§ PROBLEM REQUIREMENTS
Leave the pictures out. Retype exactly the lines below from the one containing "Ferielejlighed i Lacoste" through the one containing "Nature reserve Federsee lake at sunrise", and no others.

─── SUPPLIED RECORDS

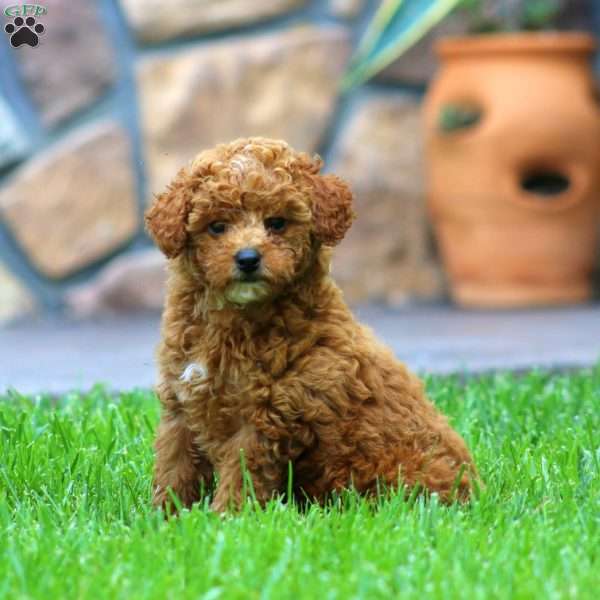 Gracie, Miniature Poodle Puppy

──────
─── SUPPLIED RECORDS

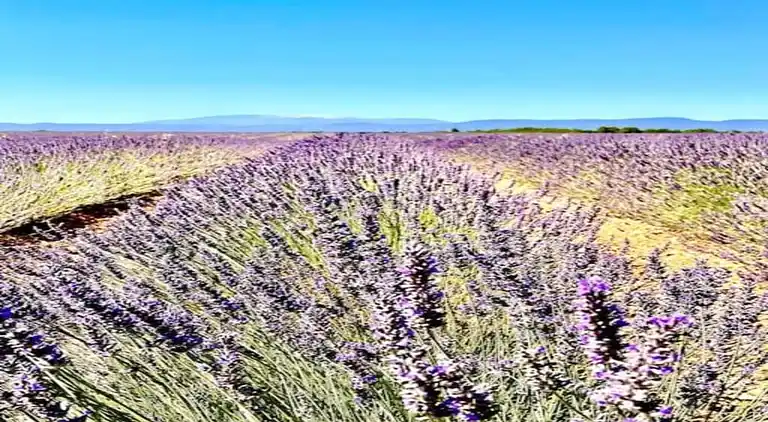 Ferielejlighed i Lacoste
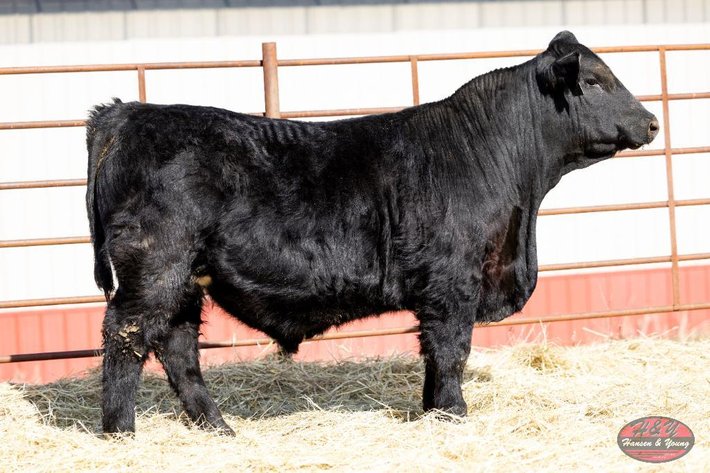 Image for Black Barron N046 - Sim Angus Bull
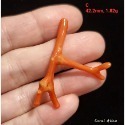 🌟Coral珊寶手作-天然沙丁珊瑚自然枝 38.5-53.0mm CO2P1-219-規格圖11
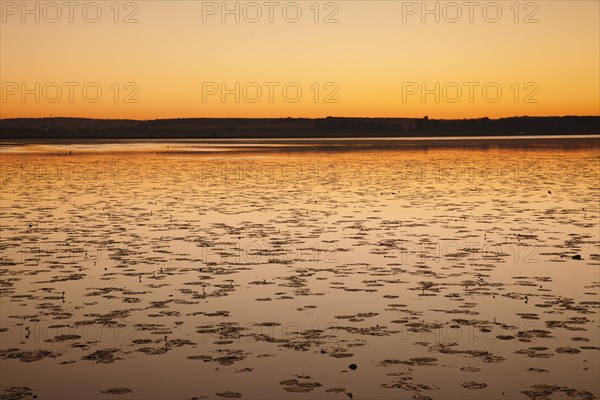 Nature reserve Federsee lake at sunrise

──────
─── SUPPLIED RECORDS

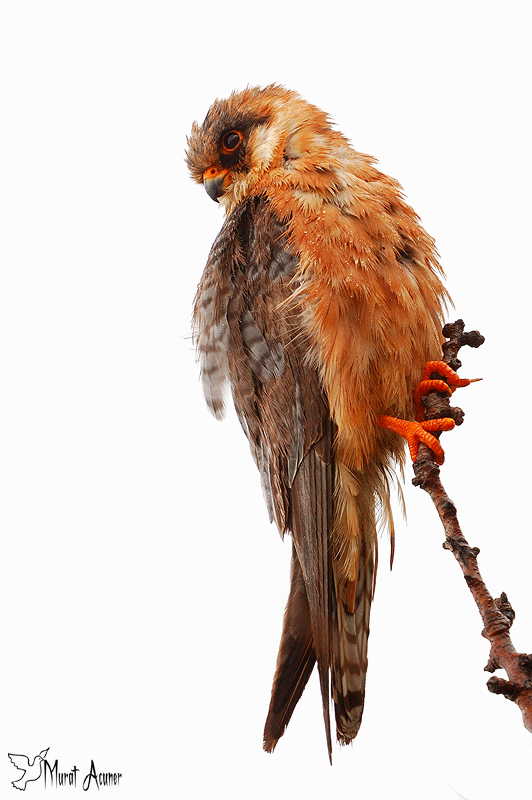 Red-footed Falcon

──────

§ TASK OUTPUT
 Ferielejlighed i Lacoste
 Image for Black Barron N046 - Sim Angus Bull
 🌟Coral珊寶手作-天然沙丁珊瑚自然枝 38.5-53.0mm CO2P1-219-規格圖11
 Nature reserve Federsee lake at sunrise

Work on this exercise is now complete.